-Seni çok farklı tanımışım. Halbuki hiç olmamış öyle birisi. Keşke tanıdığım gibi biri olsaydın, olsaydında ölseydin. En azından hayatım boyunca birini çok sevdim oda artık yaşamıyor derdim. Hiç olmayan birine aşık olmaktan iyidir.
bu sözler duyulduktan sonra yazarın kendine gelebilmesi uzun zamanlar almıştır.
ne sevgilinin ne arkadaşın ne dostun ne kardeşin ne de annenin..
babanın "hadi hoşçakal" dedikten sonra arkasını dönüp gitmesi kadar hiçbirşey kesmez nefesini.

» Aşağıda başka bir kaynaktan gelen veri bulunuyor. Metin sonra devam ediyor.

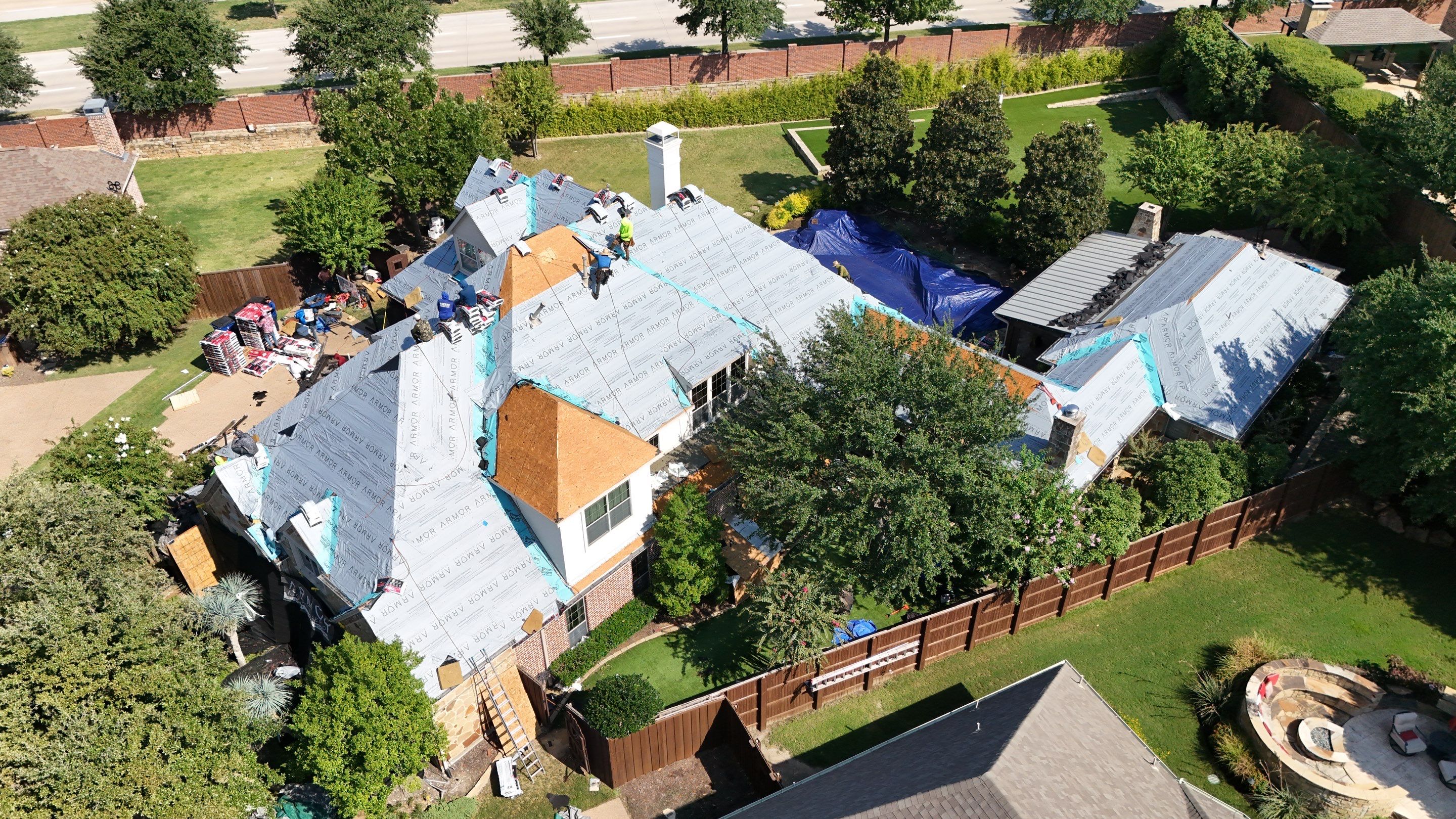 Project in Frisco by Armor Roofing | Exteriors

- gitme desen gitmezdim, **
- arkadaş kalabiliriz,
- yordun beni,
- diğerlerinden farkın yok,
- unuttum seni,
- sana nasıl güvenebildim ben,
- başka biri var,
- ne yaparsan yap!!! *
- çok açım abi yardım et nolur... *
- " senden nefret ediyorum"
- " sen bana uygun değilsin"
- " senin tuzun kuru, ben tırnaklarımla geldim buralara"
- " hepiniz kına yakın sizin yüzünüzden bu hale geldim"
- " benim bu yaşadıklarımı dilerim hepiniz yaşayın"
- " seni duvar gibi görüyorum, haykırıyorum işte"
- .................
sonuç: insanın içini bir anda acıtan sözleri sarfeden, ömür boyu kendi canını acıtmak için zemin hazırlıyor demektir. çünkü o kaybetmeye mahkumdur artık...
çok samimi olduğunuz, can'dan saydığınız, çok emek verdiğiniz bir insanın sizinle yaşadığı bir tartışmadan sonra "zaten geçmişte verilen emekler yüzünden hala görüşüyorduk" demesi...
yani sizin güzel, özel sandığınız o geçen günlere aslında geçmişteki emekler için katlanmış olması karşı tarafın.